If you like sci/fi fantasy:
-The Magicians Trilogy. WAY better than the SyFy show.
-Lightbringer Series. I'm on book 4 and can't put it down
-Night Angel Trilogy
-Kingkiller Chronicles (still waiting on book 3)

Second the King Killer Chronicle. Everyone I know that has read the first two have loved them. Continuing in the fantasy genre, Brandon Sanderson's Cosmere books are a lot of fun to read. I'd recommend starting with the Mistborn trilogy and then continuing to others if you enjoy that. The audio books are pretty great too.

I recently read the Magicians and still haven't made up my mind how I feel about it. If you grew up with the Chronicles of Narnia then I would still recommend it as it puts a bit of a dark twist on it which is fun.

I finally got around to starting the Dark Tower series by Stephen King, which friends have been telling me to read for a while. I had to push through the first book, but I'm really enjoying the second.

stick it in, stick it in, stick it in!

Speaking of Sanderson, The Reckoners was a pretty good trilogy.

And continuing to speak of Sanderson, he has a selection of books on the pay-what-you-want (well, as long as it's more than a dollar) Humble Bundle right now.

Humble Bundle books

If you're not familiar with how it works, a portion goes to charity and a portion goes to the artist and a portion goes to the Humble organization, you can decide how much of each.

Wait, what?

I'll third the Kingkiller Chronicles. It is a great story and moves along nicely. It brings a different feel to magic as well.
I also second the Mistborn Trilogy. It is long but it is very good. My wife loved it enough she has read it twice as well.
The Magicians trilogy is definitely better than the show. The 2nd book does drag some I thought but the first and 3rd were good.

"I'm too drunk to taste this chicken" - Colonel Sanders via Ricky Bobby

Huh, I like the SyFy show better than the books for The Magicians, although by this point, they're telling two totally different stories. I felt like the books beat the Narnia comparisons into the ground (same problem with His Dark Materials, which I think are abysmal even though everyone else seems to love them). A lot of the middle adventures felt like "edgy" adult behavior slapped over something ultimately juvenile and silly. And the book characters always felt like descriptions of people rather than fleshed out characters - as if Grossman was describing the book he wanted to write. I think the actors working hard to inhabit these people makes it easier to buy into characters who were vaguely sketched in the books.
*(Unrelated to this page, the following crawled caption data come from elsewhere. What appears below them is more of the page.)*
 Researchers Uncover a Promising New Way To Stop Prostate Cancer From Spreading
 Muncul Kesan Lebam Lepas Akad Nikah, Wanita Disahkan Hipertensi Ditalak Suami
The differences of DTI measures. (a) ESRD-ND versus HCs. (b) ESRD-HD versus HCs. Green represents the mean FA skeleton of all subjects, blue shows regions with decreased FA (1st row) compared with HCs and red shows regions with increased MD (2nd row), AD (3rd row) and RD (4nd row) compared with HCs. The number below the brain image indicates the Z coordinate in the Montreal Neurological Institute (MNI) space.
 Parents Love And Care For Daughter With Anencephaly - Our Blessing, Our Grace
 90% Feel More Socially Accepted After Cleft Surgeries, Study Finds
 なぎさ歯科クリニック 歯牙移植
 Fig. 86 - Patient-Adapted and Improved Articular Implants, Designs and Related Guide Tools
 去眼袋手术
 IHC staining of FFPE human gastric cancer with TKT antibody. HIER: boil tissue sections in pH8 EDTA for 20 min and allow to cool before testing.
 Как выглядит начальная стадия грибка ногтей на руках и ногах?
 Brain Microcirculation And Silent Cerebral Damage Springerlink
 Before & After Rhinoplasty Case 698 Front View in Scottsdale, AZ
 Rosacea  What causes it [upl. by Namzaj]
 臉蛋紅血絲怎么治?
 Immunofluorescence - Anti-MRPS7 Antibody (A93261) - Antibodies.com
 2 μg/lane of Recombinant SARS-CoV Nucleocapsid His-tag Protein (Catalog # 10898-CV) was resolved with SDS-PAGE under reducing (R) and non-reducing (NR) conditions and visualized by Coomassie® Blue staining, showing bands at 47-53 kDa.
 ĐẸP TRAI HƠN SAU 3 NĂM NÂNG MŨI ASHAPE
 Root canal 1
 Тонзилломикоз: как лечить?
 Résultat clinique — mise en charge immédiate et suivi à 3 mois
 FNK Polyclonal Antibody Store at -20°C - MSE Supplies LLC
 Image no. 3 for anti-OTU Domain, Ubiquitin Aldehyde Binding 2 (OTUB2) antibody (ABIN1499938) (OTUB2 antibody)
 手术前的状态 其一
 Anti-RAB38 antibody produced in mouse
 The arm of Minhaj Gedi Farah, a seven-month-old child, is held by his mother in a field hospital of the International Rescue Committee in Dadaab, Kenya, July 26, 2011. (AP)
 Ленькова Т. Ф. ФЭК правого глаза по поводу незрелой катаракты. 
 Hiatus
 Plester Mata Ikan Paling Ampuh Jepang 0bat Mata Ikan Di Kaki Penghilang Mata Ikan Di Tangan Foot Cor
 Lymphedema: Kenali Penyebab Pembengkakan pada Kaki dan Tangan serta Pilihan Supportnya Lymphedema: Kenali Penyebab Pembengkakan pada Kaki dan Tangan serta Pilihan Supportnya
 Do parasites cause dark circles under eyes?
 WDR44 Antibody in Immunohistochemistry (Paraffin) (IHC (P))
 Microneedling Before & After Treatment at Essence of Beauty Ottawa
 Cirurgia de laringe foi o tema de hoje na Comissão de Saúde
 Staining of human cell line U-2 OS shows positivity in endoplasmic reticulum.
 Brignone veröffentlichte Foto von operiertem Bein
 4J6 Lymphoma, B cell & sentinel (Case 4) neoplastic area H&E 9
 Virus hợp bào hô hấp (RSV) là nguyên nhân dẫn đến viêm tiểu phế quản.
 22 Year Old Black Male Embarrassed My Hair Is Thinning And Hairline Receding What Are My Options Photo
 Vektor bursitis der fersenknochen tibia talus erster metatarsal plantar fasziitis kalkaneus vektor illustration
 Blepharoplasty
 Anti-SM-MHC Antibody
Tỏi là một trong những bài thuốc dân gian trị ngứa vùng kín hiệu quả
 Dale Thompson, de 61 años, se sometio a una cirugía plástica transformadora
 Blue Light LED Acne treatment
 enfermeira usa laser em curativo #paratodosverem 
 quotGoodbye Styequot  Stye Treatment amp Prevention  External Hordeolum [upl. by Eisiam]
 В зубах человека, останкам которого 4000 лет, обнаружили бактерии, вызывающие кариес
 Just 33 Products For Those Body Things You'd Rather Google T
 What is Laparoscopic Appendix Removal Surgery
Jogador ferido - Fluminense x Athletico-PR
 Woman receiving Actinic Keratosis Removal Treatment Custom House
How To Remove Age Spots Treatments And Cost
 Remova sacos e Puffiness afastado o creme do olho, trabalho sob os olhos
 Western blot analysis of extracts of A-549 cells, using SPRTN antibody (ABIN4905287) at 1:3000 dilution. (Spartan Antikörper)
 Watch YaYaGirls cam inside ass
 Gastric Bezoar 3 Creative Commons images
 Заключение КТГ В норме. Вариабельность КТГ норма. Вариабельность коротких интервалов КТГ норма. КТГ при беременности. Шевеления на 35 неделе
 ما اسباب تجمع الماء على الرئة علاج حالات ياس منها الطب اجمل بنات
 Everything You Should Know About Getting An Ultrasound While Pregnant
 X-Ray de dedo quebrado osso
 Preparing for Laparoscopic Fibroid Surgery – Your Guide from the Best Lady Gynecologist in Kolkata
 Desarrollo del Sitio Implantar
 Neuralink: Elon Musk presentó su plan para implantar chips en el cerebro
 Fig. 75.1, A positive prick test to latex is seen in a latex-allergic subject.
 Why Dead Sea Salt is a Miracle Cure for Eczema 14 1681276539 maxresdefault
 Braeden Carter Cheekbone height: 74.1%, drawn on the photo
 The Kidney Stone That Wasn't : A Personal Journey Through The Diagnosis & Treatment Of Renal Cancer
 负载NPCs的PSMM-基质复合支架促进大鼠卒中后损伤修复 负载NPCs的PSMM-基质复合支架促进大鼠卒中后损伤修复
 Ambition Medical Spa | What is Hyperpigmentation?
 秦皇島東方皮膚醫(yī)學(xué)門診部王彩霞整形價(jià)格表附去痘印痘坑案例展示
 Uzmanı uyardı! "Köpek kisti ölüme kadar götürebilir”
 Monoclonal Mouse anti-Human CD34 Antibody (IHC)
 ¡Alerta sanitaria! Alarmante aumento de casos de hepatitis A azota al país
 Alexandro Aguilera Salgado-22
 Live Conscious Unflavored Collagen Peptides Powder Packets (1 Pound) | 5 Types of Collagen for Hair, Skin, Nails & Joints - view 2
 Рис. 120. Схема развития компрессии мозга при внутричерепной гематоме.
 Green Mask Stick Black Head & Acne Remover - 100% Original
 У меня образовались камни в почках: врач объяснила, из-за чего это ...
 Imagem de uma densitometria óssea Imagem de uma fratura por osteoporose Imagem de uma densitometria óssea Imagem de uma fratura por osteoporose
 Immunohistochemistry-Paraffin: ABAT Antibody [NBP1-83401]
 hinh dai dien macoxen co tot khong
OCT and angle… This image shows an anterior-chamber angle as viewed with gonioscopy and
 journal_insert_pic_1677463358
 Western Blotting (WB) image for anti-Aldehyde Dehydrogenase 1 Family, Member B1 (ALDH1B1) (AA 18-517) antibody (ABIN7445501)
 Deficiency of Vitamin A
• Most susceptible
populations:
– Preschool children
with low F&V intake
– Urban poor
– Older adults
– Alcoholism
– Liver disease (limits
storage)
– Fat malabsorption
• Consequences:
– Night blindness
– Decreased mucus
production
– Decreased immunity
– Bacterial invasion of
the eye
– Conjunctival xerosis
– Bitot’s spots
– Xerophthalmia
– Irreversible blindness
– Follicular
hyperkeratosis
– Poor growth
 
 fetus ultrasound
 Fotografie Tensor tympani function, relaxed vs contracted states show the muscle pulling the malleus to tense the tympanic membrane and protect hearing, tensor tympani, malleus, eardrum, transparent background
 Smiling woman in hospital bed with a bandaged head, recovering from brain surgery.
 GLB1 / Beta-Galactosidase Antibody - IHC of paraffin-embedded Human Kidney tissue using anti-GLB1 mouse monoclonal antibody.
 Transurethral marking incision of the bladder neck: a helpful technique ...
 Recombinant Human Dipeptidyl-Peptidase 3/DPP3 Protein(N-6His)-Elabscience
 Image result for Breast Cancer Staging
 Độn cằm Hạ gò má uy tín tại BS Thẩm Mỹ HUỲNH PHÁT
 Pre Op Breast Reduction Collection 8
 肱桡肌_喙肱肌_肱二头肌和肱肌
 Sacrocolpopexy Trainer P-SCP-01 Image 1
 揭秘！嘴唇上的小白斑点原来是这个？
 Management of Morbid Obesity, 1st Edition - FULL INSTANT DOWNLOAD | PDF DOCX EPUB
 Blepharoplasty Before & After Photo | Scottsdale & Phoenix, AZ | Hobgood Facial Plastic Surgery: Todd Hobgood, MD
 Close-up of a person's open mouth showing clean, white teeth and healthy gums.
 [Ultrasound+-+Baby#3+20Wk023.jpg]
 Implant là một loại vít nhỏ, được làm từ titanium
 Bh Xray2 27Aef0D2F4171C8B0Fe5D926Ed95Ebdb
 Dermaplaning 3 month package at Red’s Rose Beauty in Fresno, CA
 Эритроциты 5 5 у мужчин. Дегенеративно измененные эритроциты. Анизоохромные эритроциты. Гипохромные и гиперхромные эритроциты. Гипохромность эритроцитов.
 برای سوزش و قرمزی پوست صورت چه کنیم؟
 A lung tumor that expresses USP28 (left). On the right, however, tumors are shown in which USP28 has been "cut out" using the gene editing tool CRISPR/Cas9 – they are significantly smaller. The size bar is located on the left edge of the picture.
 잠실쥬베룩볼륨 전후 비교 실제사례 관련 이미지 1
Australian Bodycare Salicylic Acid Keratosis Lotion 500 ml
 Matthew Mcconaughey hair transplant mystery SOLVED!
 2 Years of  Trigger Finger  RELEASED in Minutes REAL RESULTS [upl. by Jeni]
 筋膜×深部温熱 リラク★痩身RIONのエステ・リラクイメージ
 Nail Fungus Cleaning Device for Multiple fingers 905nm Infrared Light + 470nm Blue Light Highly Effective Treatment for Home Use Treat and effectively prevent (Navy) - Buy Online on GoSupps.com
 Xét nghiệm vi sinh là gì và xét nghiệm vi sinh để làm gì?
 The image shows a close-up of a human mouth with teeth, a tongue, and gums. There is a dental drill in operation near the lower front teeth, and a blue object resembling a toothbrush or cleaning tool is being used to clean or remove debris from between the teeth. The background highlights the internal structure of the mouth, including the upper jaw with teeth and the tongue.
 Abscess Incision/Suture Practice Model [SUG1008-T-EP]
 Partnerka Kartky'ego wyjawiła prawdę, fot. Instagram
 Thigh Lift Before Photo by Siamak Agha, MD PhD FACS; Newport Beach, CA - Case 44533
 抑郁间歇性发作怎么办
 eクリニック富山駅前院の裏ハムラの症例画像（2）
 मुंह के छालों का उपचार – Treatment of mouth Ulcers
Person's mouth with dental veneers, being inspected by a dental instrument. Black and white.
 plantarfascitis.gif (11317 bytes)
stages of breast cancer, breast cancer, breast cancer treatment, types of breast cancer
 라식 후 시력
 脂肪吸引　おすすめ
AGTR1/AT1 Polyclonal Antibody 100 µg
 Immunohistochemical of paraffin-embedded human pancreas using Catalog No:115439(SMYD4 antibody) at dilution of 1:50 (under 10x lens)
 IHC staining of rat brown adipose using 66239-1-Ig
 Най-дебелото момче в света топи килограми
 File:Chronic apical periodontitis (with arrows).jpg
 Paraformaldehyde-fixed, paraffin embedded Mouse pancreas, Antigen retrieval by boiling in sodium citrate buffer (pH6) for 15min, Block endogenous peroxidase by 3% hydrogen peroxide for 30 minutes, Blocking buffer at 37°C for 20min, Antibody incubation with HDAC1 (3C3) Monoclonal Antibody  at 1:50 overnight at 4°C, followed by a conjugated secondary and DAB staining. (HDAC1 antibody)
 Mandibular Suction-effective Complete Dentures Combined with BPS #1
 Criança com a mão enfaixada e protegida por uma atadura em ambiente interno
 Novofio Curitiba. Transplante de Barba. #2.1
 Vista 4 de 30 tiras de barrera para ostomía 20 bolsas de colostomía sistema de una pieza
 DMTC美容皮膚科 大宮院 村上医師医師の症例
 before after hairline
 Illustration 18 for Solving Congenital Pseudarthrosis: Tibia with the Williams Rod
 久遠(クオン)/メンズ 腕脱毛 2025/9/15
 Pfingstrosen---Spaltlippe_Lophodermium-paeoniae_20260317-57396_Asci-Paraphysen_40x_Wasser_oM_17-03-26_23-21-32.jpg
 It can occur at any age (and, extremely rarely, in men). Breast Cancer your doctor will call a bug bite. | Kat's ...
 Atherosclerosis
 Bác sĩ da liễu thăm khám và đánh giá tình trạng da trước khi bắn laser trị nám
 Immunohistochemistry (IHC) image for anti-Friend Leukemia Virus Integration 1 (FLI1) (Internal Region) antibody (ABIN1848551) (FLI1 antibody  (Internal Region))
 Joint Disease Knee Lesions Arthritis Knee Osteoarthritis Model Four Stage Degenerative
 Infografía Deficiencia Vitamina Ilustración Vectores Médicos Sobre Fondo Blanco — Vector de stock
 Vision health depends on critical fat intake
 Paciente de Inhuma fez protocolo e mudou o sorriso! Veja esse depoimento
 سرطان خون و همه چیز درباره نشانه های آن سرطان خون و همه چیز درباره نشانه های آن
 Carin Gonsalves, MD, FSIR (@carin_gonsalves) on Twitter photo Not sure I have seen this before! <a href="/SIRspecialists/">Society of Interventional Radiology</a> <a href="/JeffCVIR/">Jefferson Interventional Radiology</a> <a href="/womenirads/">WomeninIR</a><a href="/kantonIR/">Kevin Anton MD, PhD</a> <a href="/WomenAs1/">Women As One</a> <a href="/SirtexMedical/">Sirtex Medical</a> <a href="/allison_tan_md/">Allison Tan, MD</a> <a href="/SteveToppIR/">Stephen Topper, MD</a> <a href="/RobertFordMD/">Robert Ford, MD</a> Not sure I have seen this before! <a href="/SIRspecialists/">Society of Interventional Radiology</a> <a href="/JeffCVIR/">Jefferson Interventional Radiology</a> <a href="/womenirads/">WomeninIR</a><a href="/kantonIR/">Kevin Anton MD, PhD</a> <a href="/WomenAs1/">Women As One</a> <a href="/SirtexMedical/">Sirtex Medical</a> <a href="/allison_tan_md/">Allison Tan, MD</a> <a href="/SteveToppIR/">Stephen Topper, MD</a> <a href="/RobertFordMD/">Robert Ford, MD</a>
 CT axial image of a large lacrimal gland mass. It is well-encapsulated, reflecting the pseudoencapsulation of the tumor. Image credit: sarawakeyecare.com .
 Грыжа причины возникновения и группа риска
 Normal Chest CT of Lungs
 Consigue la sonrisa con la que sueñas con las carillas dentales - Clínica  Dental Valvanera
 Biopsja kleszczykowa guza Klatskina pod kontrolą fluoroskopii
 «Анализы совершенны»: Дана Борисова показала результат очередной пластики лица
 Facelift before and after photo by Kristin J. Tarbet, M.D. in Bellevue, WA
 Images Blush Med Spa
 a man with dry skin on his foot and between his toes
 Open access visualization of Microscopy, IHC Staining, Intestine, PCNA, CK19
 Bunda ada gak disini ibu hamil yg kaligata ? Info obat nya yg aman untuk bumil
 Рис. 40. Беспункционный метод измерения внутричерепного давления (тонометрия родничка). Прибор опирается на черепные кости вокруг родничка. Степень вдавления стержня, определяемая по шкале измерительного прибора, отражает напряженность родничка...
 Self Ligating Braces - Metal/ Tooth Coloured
Interesting perspective, but I think the SyFy show suffers from the same thing that, imho, plagued the Ender's Game movie (but to a lesser): the show COMPLETELY depends on someone having read the books to understand fully whats happening. Even then, I just think the order of tasks they have to attend to just seems...almost random.

The SyFy show is good enough it keeps me watching.

I loved the Magicians trilogy as well. I concur with what someone else said; don't compare it to the SyFy series, they're telling two different stories with the same characters and settings at this point (although I'm only through season 1).

I thought the first book in Magicians was OK, but not the greatest thing ever. I haven't picked up the next two yet - does it get better from there or just carry on?

Can't recommend Brent Weeks enough - he's so under-appreciated. If you like those, I'd try Brandon Sanderson on for size. The Stormlight Archives are ridiculously engrossing, but sadly they're the only books of his I've read. (Eagerly awaiting book three this fall~ish) I have several others of his on my TBR pile, and I've only heard good things about the rest of his works.

Achievement unlocked: All of the Fullers

"Sam Rogers is a college football icon" SB Nation

Thanks Frank!

Fearless by Eric Blehm is a great read

You say you like sci-fi and military fiction?

"The Forever War," by Joe Halderman. Since it was written in the 70s, some of the background history in the first couple chapters is off, but it doesn't matter once the story gets going.

For a lightweight quick read with lots of laughs, check out "Redshirts," by Joe Scalzi.

The War with the Chtorr series started well, got weirder as it progressed, and is still incomplete, but had a great premise. (Alien invasion by invasively remaking our ecosystem prior to physical invasion.)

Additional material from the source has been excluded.